Task requirements: Below are entries. Reproduce exactly the lines between the line holding "Bees & Honey Trinket Dish" and the line holding "Zusatzhandgriff, Staubpartikelgeschützt, Nullspannungsschalter", inclusive, and only those.

*-*-*

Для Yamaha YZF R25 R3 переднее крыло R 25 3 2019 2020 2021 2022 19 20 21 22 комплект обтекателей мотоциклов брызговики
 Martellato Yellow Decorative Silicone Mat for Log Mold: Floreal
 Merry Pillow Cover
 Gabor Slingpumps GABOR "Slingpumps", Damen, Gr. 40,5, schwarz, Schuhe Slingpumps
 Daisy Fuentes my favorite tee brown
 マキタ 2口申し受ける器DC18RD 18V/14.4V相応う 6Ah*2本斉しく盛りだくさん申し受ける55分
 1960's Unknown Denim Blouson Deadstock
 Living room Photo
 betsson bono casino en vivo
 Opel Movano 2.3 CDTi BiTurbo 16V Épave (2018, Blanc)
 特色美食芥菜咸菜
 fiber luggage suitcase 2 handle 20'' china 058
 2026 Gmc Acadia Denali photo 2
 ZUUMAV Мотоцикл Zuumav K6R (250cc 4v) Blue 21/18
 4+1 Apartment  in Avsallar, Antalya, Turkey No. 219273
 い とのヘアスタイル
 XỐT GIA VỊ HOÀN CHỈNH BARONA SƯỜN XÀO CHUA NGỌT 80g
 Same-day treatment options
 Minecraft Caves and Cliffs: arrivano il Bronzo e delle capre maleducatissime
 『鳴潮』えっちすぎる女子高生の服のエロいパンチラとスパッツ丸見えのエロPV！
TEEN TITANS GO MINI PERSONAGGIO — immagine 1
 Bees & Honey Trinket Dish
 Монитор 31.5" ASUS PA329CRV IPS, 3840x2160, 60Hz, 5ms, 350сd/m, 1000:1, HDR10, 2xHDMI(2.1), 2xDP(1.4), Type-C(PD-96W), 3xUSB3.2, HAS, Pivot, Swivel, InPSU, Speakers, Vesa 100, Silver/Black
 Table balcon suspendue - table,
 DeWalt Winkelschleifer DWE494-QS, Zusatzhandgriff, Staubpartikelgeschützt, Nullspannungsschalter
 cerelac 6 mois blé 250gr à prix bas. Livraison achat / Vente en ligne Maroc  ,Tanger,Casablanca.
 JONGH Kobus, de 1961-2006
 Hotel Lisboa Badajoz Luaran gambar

*-*-*

Finished task:
 Bees & Honey Trinket Dish
 Монитор 31.5" ASUS PA329CRV IPS, 3840x2160, 60Hz, 5ms, 350сd/m, 1000:1, HDR10, 2xHDMI(2.1), 2xDP(1.4), Type-C(PD-96W), 3xUSB3.2, HAS, Pivot, Swivel, InPSU, Speakers, Vesa 100, Silver/Black
 Table balcon suspendue - table,
 DeWalt Winkelschleifer DWE494-QS, Zusatzhandgriff, Staubpartikelgeschützt, Nullspannungsschalter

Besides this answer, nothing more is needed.